L'Ethiopie voisine a fait savoir qu'elle ne tiendrait pas compte du mandat d'arrêt, estimant que la décision «n'aide pas à la résolution de la crise au Darfour» qui a besoin d'un «juste milieu» entre une levée de l'impunité et une paix durable. De son côté, l'Egypte affirme être «très troublée» par la décision prise à La Haye et a appelé la CPI à retarder l'inculpation du président soudanais. La rébellion tchadienne a exprimé sa «solidarité avec le président [soudanais] El Bachir, estimant que le mandat d'arrêt lancé par la Cour pénale internationale (CPI) contre lui n'a aucun sens». L'Union des forces de la résistance (UFR), alliance des principales factions rebelles, a donc pris fait et cause pour le chef de l'Etat soudanais, accusant Idriss Deby Itno (le président tchadien) de soutenir la rébellion du Darfour. Cette réaction est très compréhensible puisque le Soudan est la base arrière des rebelles. Il est souvent considéré comme le principal soutien de l'opposition armée tchadienne dont les chefs ne sont, toutefois, pas tous appréciés par Khartoum. Cette dernière accuse de son côté N'Djamena de soutenir des rebelles soudanais du Darfour, région de l'ouest du Soudan en guerre civile.
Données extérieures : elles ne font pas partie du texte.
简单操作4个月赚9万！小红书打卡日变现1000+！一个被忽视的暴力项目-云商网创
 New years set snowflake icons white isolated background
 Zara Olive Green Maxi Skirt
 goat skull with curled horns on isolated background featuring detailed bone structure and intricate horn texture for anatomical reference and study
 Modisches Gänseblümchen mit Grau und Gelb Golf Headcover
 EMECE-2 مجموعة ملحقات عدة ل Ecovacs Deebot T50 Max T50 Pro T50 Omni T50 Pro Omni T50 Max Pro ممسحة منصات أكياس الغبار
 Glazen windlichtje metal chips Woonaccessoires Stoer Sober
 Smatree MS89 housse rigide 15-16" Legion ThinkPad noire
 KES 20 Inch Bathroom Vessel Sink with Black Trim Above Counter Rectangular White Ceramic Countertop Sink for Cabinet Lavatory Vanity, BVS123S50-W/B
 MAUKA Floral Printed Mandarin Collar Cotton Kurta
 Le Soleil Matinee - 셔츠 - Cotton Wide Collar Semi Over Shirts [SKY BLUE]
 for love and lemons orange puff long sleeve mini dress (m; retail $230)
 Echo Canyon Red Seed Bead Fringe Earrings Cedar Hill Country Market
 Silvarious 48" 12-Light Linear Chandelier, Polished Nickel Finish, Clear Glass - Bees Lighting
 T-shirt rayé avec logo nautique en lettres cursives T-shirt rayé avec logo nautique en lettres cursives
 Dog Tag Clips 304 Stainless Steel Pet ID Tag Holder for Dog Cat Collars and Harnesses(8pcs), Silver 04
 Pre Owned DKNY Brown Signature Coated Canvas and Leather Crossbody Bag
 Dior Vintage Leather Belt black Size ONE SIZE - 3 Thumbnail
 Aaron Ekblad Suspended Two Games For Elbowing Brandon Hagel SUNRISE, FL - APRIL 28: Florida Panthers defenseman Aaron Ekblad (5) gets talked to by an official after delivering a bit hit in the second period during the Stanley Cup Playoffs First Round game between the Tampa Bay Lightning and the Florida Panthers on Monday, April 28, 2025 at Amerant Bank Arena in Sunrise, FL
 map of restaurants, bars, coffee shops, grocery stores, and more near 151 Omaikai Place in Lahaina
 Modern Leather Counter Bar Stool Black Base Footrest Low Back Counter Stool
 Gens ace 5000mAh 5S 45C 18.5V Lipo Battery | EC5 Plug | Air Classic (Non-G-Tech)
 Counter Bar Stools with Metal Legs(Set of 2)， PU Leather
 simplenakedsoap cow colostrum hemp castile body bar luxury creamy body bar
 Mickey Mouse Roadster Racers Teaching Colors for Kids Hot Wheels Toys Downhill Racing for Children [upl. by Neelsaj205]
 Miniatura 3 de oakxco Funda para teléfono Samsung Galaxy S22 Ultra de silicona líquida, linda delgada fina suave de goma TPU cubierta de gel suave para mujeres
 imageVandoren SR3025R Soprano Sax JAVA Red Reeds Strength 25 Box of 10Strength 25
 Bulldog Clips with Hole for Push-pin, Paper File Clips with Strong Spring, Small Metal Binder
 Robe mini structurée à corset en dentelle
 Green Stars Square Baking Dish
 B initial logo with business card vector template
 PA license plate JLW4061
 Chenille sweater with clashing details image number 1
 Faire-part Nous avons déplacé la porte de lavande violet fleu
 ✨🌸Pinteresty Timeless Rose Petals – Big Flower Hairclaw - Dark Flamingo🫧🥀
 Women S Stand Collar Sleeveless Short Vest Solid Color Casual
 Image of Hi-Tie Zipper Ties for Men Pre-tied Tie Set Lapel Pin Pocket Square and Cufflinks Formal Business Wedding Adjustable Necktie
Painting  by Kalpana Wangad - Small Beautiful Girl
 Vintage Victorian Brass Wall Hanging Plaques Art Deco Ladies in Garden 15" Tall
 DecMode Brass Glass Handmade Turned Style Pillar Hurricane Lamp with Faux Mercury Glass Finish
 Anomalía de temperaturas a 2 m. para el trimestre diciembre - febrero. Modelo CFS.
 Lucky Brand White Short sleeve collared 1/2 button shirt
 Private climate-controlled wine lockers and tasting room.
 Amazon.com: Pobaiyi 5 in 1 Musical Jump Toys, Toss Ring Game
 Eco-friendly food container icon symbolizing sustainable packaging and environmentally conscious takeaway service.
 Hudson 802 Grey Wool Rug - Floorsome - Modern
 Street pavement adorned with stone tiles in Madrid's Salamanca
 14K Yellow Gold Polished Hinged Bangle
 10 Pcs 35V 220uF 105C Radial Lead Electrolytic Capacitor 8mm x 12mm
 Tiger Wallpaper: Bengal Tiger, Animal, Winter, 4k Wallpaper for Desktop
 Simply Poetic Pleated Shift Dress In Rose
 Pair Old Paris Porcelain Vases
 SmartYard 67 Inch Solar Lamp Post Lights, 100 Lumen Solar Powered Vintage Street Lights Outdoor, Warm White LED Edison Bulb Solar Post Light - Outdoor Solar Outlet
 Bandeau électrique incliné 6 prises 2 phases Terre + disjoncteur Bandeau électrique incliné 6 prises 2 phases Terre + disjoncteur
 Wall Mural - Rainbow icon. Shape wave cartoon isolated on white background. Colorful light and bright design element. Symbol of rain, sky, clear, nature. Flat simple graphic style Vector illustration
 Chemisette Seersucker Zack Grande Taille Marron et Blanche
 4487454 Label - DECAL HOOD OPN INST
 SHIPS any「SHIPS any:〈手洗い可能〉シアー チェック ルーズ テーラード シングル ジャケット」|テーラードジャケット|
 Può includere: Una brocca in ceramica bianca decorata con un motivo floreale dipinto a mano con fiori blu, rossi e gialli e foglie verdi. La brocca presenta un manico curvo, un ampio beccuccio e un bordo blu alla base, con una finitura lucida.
Au niveau de la Ligue arabe, le consensus est de mise. Tous les Etats arabes ont estimé que le procureur Luis Moreno-Ocampo avait une «position déséquilibrée» sur le dossier soudanais. Ils lui reprochent de n'avoir «rien» prévu «au sujet des mouvements rebelles [du Darfour, ndlr] et de ce qu'ils ont fait». Ils désavouent, par ailleurs, la CPI, jugeant que l'éventuelle délivrance d'un mandat d'arrêt contre Omar El Béchir constituerait une violation de la souveraineté de son pays et pourrait aggraver l'instabilité. Aussi ont-ils élaboré un plan de riposte, que le secrétaire général de la Ligue arabe, Amr Moussa, a présenté à Omar El Béchir. La Ligue propose de privilégier le «mandat des institutions judiciaires civiles soudanaises». Car, «une justice efficace sera rendue [au Soudan, ndlr] sous le contrôle de la Ligue arabe et de l'Union africaine».

Contestation de fond contre la CPI
Pourquoi les réactions sont-elles aussi négatives ? Hormis la réaction attendue des alliés du Soudan, ces réactions sont aussi dues au fait que la CPI est devenue en peu de temps comparable à un instrument politique. Cette dimension politique est déduite de la nature des affaires que la CPI traite et a traitées à ce jour. Ainsi reproche-t-on le fait que Luis Moreno Ocampo refuse de donner un avis sur la poursuite des constructions de colonies en Cisjordanie, malgré le fait que ce crime contre l'humanité soit mentionné dans la Charte de Rome et que la Cisjordanie ait été de par son statut juridique associée à la Jordanie de 1948 à 1967. Ce qui signifie que nombre de victimes palestiniennes sont citoyennes d'un État qui a ratifié la Charte de Rome (royaume de Jordanie). Le procureur ne s'est pas non plus prononcé sur le mur de séparation, bien que celui-ci relève de la Charte de Rome, ni sur les crimes commis en Irak et dans les territoires palestiniens. Il a refusé d'accepter la requête présentée par le spécialiste en droit pénal, Hugo Ruiz Diaz Balbuena (Paraguay), qui, au nom d'organisations arabes et de l'Union juive française pour la paix, lui a demandé d'examiner l'agression israélienne contre le Liban. Ocampo, lui, a envoyé une lettre de dix pages le 2/09/2006, déclarant la CPI incompétente.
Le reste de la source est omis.